Canery returned home and was connected with Northern Essex Community College men's basketball coach, Darren Stratton, through a former teammate at Lawrence High, Jaylen Alicea, eventually joining the staff as an assistant.
He was with the team for the fall when another opportunity to start a basketball academy for Hoop Mountain ... in Qatar.
"I was there five months and really connected with a coach from Serbia, learning about its culture, how they view the game," said Canery. "I learned something new every day there. I was the head guy and loved every minute of it."
Gibbs said Canery made a different in both, far-away countries.
"He's introduced the game to hundreds of kids in the Middle East in such a positive fashion," said Gibbs. "Basketball interest is spreading in the Middle East due to Mala's coaching. Honestly, he is responsible for many Middle East kids choosing basketball as their first sport. His impact on the game in that region is so powerful. I can't tell you how many people thanked me for placing Mala overseas."

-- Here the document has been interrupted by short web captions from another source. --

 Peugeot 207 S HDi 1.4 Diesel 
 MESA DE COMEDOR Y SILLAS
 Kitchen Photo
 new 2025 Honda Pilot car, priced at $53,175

When he returned home early this past summer, there was another basketball offer, but this one was around here, an opportunity to stay home.
NECC was looking to upgrade several of its sports and women's basketball was among them. The school's athletic director, Dan Blair, and Coach Stratton, met with Canery hoping he'd take the job.
"Malaquias is a special guy and a very good coach," said Blair. "It was a good fit. We needed someone with a lot of energy to get this program going. He's also close with Coach Stratton, who he can rely on for support."
Canery has already started the recruiting process with phone calls and meetings at the school, trying to do for the women what Stratton has done for the men.
And what NECC baseball coach Jeff Mejia has done for baseball players.
"The goal here is education first," said Canery. "But we have a lot of talented girls basketball players in the area and we can help them improve on the court and in the classroom, and hopefully get to a four-year school. I love working with young people and helping them. This is a perfect job for me."